WHAT IS BEING ASKED:
In the data below, count how many lines contain "Способ" and give that number by itself.
Start of DATA FOR THIS TASK
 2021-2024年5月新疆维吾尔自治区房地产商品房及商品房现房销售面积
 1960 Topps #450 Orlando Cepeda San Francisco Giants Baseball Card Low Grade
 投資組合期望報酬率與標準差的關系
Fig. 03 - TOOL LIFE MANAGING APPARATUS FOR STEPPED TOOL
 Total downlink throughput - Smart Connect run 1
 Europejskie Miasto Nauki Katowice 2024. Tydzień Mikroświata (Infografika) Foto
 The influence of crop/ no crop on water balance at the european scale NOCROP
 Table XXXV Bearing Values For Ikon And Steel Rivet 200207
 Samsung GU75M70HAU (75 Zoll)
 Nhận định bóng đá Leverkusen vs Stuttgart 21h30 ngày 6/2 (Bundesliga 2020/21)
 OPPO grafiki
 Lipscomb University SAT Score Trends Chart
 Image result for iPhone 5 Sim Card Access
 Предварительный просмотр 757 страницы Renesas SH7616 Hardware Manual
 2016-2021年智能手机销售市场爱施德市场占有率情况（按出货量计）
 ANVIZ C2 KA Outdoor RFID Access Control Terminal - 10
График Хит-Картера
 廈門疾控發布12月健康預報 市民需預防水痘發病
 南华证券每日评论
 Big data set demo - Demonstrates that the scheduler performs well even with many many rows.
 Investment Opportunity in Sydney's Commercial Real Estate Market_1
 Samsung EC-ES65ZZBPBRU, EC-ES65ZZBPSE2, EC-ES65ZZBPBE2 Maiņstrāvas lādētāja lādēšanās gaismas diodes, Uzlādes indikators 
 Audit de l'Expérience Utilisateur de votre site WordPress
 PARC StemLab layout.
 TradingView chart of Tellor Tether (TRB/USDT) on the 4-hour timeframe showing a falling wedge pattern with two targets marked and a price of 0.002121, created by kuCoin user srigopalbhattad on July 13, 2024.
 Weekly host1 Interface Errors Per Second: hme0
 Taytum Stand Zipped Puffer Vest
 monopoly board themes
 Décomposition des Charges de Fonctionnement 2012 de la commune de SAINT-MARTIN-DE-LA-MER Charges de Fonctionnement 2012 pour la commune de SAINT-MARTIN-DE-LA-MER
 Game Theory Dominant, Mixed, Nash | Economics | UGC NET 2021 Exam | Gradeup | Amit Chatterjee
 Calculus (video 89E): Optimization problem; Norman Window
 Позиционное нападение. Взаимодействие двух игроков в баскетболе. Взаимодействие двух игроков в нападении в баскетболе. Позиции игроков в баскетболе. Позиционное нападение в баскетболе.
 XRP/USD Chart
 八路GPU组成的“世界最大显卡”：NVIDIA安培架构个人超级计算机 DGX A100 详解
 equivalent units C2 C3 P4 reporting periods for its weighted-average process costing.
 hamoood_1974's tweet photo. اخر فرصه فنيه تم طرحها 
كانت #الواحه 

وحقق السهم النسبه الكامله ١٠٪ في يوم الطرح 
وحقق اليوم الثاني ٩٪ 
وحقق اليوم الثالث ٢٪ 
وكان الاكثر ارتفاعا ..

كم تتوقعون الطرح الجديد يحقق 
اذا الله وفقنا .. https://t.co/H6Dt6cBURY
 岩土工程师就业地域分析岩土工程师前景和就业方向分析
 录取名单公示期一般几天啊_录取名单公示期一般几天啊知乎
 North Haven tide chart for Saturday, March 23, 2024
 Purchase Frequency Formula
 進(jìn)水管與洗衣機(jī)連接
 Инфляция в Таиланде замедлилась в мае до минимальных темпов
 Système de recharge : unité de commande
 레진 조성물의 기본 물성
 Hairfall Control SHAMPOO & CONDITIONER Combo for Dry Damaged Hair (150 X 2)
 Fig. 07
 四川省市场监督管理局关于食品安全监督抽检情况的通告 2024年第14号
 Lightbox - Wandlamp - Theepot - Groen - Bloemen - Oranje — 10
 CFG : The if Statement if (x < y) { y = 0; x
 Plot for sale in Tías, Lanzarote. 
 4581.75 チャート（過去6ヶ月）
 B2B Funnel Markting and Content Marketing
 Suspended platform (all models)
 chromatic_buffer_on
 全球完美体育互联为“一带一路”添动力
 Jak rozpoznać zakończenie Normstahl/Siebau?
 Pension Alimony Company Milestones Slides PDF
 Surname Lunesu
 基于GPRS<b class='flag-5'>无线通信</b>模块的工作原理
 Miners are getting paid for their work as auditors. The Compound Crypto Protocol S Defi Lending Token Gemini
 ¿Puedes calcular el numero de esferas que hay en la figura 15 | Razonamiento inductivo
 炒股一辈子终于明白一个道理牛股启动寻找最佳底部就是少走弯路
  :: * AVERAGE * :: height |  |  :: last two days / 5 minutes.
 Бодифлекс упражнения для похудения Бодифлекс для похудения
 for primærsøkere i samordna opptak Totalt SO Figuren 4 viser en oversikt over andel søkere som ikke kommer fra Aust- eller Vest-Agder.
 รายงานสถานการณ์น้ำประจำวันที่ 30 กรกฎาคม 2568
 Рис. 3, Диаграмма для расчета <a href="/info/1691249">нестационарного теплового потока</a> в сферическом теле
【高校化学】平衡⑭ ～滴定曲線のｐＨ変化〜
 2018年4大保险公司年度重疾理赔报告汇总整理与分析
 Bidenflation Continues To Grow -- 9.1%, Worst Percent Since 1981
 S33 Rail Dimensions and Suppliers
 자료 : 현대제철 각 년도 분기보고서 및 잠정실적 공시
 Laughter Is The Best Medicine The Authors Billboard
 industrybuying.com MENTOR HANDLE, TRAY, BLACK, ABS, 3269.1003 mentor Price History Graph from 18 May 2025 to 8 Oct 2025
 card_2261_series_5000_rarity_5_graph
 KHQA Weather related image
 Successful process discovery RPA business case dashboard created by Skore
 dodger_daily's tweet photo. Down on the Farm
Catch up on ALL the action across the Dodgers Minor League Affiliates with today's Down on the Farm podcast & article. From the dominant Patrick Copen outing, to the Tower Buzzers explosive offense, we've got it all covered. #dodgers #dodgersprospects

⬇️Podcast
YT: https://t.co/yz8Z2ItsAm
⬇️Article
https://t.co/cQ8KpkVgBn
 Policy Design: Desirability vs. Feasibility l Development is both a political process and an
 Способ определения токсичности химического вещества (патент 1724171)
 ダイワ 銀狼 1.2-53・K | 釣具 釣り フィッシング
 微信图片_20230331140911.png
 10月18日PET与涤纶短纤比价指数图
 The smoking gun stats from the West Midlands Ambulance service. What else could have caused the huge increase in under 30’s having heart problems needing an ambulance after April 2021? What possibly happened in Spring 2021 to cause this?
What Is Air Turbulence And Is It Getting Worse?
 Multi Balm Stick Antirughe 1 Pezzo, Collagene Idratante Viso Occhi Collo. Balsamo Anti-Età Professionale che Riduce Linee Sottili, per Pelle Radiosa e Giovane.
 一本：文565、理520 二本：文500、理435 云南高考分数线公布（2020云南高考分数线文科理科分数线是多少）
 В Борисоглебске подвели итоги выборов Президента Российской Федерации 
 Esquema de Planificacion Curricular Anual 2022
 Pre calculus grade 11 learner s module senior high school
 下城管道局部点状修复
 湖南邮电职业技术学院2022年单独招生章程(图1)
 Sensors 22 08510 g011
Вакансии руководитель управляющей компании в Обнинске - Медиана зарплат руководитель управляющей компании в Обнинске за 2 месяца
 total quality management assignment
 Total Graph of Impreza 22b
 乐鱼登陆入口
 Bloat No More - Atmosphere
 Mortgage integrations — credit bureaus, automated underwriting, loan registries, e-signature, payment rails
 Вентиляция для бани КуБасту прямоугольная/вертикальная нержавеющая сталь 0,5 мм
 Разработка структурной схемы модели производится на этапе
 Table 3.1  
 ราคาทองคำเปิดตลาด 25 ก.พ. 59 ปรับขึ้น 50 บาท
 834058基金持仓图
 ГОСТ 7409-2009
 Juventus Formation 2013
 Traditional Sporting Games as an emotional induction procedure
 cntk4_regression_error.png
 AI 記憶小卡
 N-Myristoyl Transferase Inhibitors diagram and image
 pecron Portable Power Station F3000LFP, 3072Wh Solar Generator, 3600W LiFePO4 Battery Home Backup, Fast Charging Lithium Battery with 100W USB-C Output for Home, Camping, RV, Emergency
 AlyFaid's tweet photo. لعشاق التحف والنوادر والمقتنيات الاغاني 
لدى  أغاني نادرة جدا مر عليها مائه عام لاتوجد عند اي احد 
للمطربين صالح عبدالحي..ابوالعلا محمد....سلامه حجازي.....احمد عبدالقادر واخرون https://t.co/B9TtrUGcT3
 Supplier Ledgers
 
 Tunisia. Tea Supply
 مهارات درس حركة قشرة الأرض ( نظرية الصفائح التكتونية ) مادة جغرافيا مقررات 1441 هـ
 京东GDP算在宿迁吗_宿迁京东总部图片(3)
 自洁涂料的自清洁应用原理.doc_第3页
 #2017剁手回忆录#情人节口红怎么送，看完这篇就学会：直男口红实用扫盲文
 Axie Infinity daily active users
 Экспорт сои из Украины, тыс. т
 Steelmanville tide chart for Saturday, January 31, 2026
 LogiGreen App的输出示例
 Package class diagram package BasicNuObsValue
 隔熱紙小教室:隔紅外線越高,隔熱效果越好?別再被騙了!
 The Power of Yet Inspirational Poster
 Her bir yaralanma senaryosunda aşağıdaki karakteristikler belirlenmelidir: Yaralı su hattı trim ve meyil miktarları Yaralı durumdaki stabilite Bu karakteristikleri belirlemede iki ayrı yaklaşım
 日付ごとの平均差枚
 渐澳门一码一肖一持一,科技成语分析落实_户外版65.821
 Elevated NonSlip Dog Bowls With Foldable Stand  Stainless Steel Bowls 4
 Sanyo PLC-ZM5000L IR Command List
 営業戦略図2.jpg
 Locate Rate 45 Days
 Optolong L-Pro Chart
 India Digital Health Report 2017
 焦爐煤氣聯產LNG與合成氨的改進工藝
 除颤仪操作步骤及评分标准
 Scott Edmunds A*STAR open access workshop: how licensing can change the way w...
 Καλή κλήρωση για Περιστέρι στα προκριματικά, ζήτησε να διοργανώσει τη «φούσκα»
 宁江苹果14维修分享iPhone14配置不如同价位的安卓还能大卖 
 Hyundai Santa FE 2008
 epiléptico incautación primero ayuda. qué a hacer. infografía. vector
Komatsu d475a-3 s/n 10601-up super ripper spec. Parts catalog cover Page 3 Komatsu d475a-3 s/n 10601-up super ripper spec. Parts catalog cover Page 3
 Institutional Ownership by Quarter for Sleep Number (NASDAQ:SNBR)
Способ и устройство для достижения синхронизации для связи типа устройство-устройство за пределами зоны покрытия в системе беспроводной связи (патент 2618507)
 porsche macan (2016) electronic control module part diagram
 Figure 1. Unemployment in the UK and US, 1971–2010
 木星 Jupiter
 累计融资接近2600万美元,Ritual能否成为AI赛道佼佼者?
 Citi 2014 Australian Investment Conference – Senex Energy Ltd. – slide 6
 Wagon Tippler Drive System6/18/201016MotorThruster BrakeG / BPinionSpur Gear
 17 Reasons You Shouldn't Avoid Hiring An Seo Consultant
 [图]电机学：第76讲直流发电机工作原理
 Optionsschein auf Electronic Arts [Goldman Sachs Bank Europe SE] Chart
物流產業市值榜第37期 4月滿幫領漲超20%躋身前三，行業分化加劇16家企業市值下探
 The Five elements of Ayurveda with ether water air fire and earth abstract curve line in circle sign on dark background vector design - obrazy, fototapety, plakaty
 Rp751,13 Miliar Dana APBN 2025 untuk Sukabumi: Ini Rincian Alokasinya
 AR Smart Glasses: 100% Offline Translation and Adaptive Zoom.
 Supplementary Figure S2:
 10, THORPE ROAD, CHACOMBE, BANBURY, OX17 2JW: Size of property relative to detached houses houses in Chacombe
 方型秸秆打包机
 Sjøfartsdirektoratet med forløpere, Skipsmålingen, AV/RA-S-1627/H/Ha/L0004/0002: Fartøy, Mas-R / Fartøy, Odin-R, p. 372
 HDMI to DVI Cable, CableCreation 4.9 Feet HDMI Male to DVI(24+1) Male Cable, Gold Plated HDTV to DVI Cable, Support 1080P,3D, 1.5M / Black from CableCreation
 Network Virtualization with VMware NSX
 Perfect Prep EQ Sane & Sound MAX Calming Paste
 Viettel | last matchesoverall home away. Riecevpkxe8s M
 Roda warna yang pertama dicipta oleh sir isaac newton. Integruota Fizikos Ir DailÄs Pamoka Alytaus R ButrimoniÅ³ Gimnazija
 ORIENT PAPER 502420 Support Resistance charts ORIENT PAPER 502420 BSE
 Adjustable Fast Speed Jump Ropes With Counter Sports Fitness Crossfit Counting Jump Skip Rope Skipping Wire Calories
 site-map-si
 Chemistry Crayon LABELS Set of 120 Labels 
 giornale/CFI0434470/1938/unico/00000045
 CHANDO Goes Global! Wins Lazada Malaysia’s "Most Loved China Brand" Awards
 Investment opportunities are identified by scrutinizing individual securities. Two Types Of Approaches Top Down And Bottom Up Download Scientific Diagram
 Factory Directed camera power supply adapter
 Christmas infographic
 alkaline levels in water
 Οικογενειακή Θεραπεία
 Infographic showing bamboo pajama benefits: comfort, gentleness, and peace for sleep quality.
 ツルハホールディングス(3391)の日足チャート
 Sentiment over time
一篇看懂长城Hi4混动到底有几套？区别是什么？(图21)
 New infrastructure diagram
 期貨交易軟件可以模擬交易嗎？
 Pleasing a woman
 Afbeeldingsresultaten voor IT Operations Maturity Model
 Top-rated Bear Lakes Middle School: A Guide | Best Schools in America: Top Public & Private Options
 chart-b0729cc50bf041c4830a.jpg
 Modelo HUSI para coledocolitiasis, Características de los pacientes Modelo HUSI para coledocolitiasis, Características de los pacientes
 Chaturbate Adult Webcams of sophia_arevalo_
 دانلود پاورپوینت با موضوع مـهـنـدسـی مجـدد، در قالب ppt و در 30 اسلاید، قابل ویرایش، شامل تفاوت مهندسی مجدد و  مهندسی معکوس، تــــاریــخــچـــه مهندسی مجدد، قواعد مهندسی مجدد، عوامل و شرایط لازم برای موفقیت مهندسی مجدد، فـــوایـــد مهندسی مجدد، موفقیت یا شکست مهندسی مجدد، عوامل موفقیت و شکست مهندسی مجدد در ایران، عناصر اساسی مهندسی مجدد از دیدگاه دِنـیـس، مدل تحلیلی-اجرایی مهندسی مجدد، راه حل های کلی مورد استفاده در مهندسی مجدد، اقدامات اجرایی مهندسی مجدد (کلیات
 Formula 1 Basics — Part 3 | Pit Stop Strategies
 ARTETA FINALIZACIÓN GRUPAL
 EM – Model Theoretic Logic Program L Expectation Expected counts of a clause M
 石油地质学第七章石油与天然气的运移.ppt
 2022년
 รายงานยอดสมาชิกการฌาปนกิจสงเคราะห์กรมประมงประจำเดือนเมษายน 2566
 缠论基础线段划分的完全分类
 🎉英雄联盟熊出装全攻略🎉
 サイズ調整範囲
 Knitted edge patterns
End of DATA FOR THIS TASK
ANSWER TO THIS TASK:
2